PM : Quelle est la situation actuelle de l’entreprise et vos principales préoccupations ?
J. C. Couzon : Elle est très difficile vu la conjoncture économique. Mon principal souci est de pouvoir sortir un salaire mensuel au personnel ; et de pérenniser l’activité de l’entreprise. J’ai pu poursuivre et même développer l’entreprise léguée par mon père et rester indépendant.
PM : Globalement que signifie pour vous « espérer » dans le cadre de votre entreprise ?
J. C. Couzon : Espérer, c’est attendre quelque chose de mieux pour la suite ; cela suppose de croire en quelque chose ou en quelqu’un.
Dans l’entreprise, c’est être à l’écoute du personnel. Les employés savent que ma porte est ouverte. Ils viennent demander conseil pour toutes sortes de problèmes et espèrent que je vais trouver une solution, à partir de mon expérience et aussi des relations que je peux avoir. Évidemment, cela ne réussit pas toujours, mais pour eux, le fait d’avoir parlé et d’être écouté est déjà très important.
PM : Où puisez-vous la force de semer ainsi l’espérance ?
J. C. Couzon : En fait, j’essaie de suivre le chemin tracé par mon père qui consacrait beaucoup de temps à l’écoute des autres ; ceux de son entreprise, mais aussi beaucoup de jeunes en dehors. Il reste pour moi un exemple. Il avait un vrai souci des autres qu’il puisait dans sa foi. Pour moi, c’est en prenant du temps, par exemple, dans une église, pour être au calme, me recueillir, réfléchir à ce que les autres me confient, que je me ressource.
PM : Comment exercez-vous votre rôle de chef d’entreprise ?
J. C. Couzon : Dans cette dimension sociale de mon rôle, je n’aurais jamais pensé, avant d’être patron, que je serais témoin de tant de situations difficiles chez mes employés : alcool, divorce, enfants difficiles à gérer, situation financière. Je n’imaginais pas qu’il y avait autant de personnes ayant du mal à boucler les fins de mois. Ce qui m’étonne, c’est que mes employés, quel que soit leur poste, viennent me voir pour parler, demander conseil. Il n’est pas facile de faire parler les gens sur leurs problèmes. Il faut apprendre à écouter. J’ai l’impression que de plus en plus souvent les gens m’interpellent, me sollicitent ; la plupart directement. Parfois, je m’aperçois qu’un tel ne va pas bien. Alors, je lui parle sur son lieu de travail et il se met à parler.
PM : Quels signes d’espérance percevez-vous chez vos employés ?

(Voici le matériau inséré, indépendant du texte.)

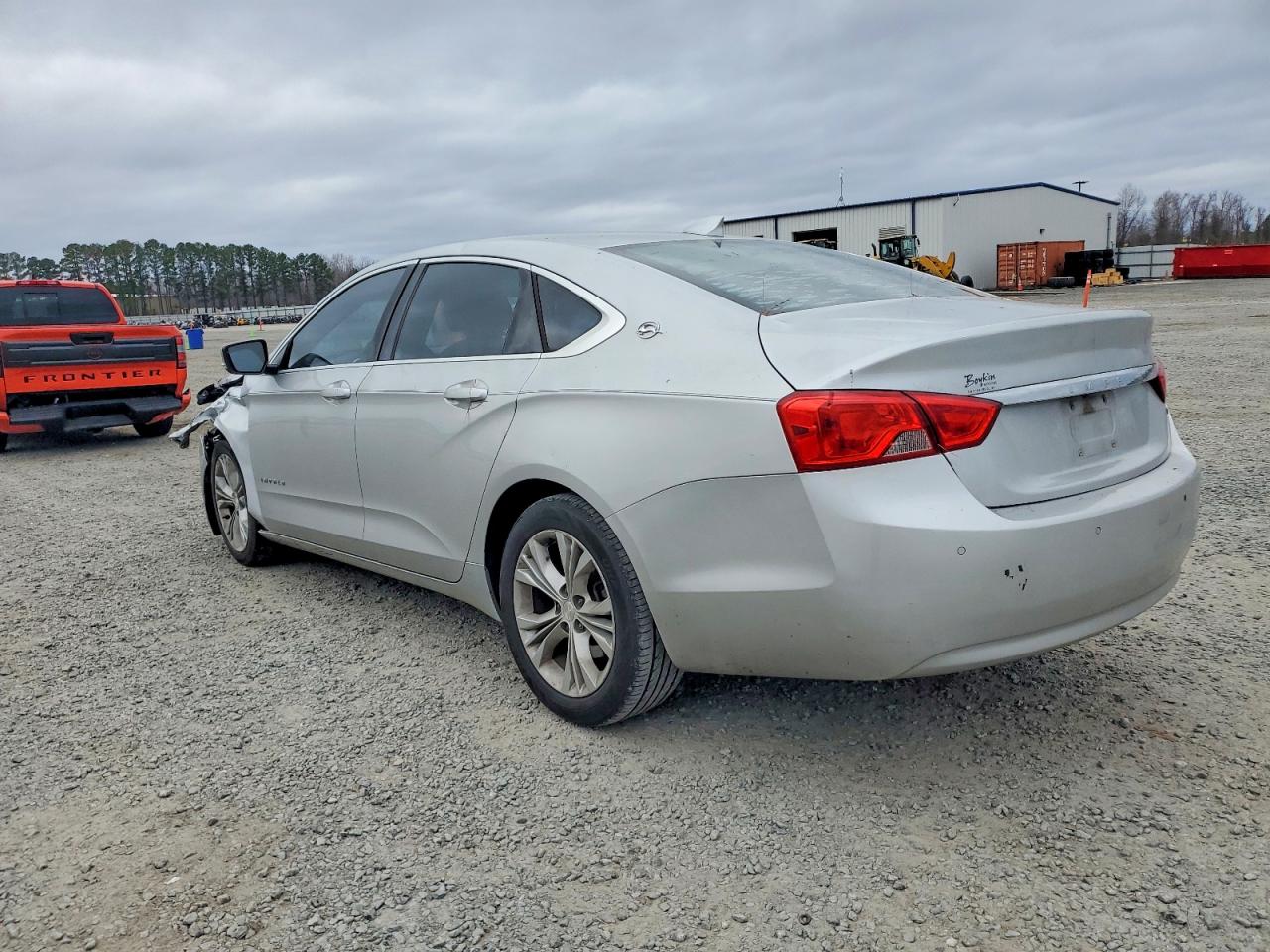 2015 CHEVROLET IMPALA LT photo 2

J. C. Couzon : Je suis surtout témoin de leur inquiétude : par rapport à leur emploi dans l’entreprise ou dans leur famille. Mais parfois, certains reviennent me voir pour me dire que ça va mieux, qu’ils ont fait ce que je leur avais conseillé. Je bénéficie, en quelque sorte, de l’esprit que mon père avait su créer dans son entreprise : les employés se sentent écoutés ; ils savent que ce qu’ils me disent restera entre nous.